* DATA PROVIDED *
* * * * * * *
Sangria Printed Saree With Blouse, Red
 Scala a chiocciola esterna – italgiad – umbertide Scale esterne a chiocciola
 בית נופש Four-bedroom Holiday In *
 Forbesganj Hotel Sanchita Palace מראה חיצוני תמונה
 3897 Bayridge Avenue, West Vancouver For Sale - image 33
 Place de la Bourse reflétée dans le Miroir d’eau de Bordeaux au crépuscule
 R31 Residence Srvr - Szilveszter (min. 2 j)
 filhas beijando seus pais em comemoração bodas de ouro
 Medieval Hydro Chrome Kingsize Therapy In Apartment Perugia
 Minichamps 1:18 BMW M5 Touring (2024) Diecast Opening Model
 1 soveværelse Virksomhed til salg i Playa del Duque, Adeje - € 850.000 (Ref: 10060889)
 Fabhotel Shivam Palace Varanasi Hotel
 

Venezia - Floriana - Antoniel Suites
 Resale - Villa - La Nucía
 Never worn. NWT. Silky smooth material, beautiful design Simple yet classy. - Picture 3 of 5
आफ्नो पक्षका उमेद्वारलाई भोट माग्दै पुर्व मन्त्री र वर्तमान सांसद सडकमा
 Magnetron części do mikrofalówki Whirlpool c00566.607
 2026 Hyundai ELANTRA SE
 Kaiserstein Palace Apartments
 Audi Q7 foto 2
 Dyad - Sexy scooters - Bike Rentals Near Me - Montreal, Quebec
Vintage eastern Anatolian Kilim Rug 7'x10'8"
* * * * * * *
* HOW TO COMPLETE THIS TASK *
From the line with "Medieval Hydro Chrome" through the final line of the records, return each line exactly. Leave out the rest.

* WRITTEN ANSWER *
 Medieval Hydro Chrome Kingsize Therapy In Apartment Perugia
 Minichamps 1:18 BMW M5 Touring (2024) Diecast Opening Model
 1 soveværelse Virksomhed til salg i Playa del Duque, Adeje - € 850.000 (Ref: 10060889)
 Fabhotel Shivam Palace Varanasi Hotel
 

Venezia - Floriana - Antoniel Suites
 Resale - Villa - La Nucía
 Never worn. NWT. Silky smooth material, beautiful design Simple yet classy. - Picture 3 of 5
आफ्नो पक्षका उमेद्वारलाई भोट माग्दै पुर्व मन्त्री र वर्तमान सांसद सडकमा
 Magnetron części do mikrofalówki Whirlpool c00566.607
 2026 Hyundai ELANTRA SE
 Kaiserstein Palace Apartments
 Audi Q7 foto 2
 Dyad - Sexy scooters - Bike Rentals Near Me - Montreal, Quebec
Vintage eastern Anatolian Kilim Rug 7'x10'8"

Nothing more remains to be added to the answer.